# How to assign a Z Score for missing values

#### Jennifer Murphy

##### Member
This forum has been very helpful to me and my "peripheral" understanding of statistics. For that, I thank you all.

As a result of suggestions I received here, I have made good progress in my weighted rating project. The suggestion to use z scores was a game changer. I now have a way to transform almost any kind of rating to common scale. That allows me to combine them effectively.

I think I have just a couple of questions.

Here's a table with some sample ratings. There are 8 "products" (Col D) for which I have ratings in 4 categories: Price (E-G), Rtg (rating, H-J), MPG (miles/gallon, K-M), and dB (decibels, N-P). In each section, the z scores and Rankings are calculated. Above the table, is the Mean (4), Std Dev (5), Order (6, whether high or low values are best), and Weights (7) for each section. The Weights are not involved in this discussion.

The z scores are calculated by some Excel code I wrote.

Cols Q & R have the sums of the z scores and the associated rankings. Cols S & T have the means of the z scores and the associated rankings.
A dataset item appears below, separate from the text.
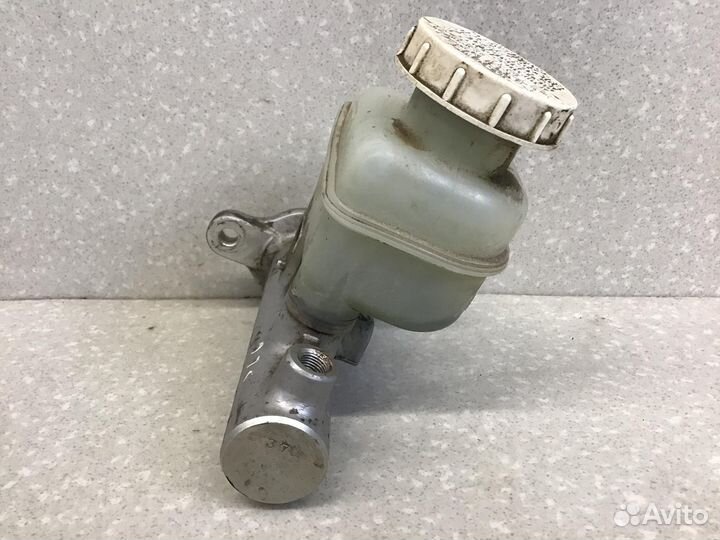 Цилиндр тормозной главный Mitsubishi Lancer (CS Cl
Question #1: Which is better? The sums (Q) or the means (S) of the z scores? They both result in the exact same ranking (R & T). The sum shows more spreadout scores. The mean shows a more compact set of scores.

The rest of the tables show what happens when there are missing values, which is very common. My other question is what is the best way to handle missing values.

In this cirst example, I deleted the Price value for Product C (E30). This does not change the ranking within that section and makes only minimal changes in the overall rankings, 2 move up 1 and 2 move down 1.

In this exmple, I delete 4 values in the Rtg section. This has moderate impact on the rankings within the section. In the overall rankings, one product moved up 3 levels, the rest only moved 1 level.

In this example, I delete 4 values in the MPG section. As above, this causes moderate changes in the section rankings. In the overall rankings, every product moved, but only by 1 or 2 levels.

In this example, I delete all but the top 2 values in the dB section. This causes the second best value to drop to last in that section. It only loses 2 positions in the overall rankings, but every other product moved and most by 2 or 3 levels.

I have one more example where I combine all of these deletions, but the forum software will only allow me five attachments, so I'll post it in a reply.

#### Jennifer Murphy

##### Member
Here is that last table where I delete all of the values in all of the examples in the original post. Now there is quite a bit of movement in the overall rankings.

My question is, what is the best way to handle missing values? Is it assigning them the average value, as I have done here or, on the assumption that most sources will tend to include values for the best products and that the ones missing tend to be the less good ones, assign them something less.

Here are some options I could think of:
1. Give them an average value as I have done here.
2. Give them the same value as the lowest value which I do have?
3. Give them a value that is slightly less than the lowest value which I do have? If so, how much lower?
4. Give them a value one std dev below the mean?
5. Something else?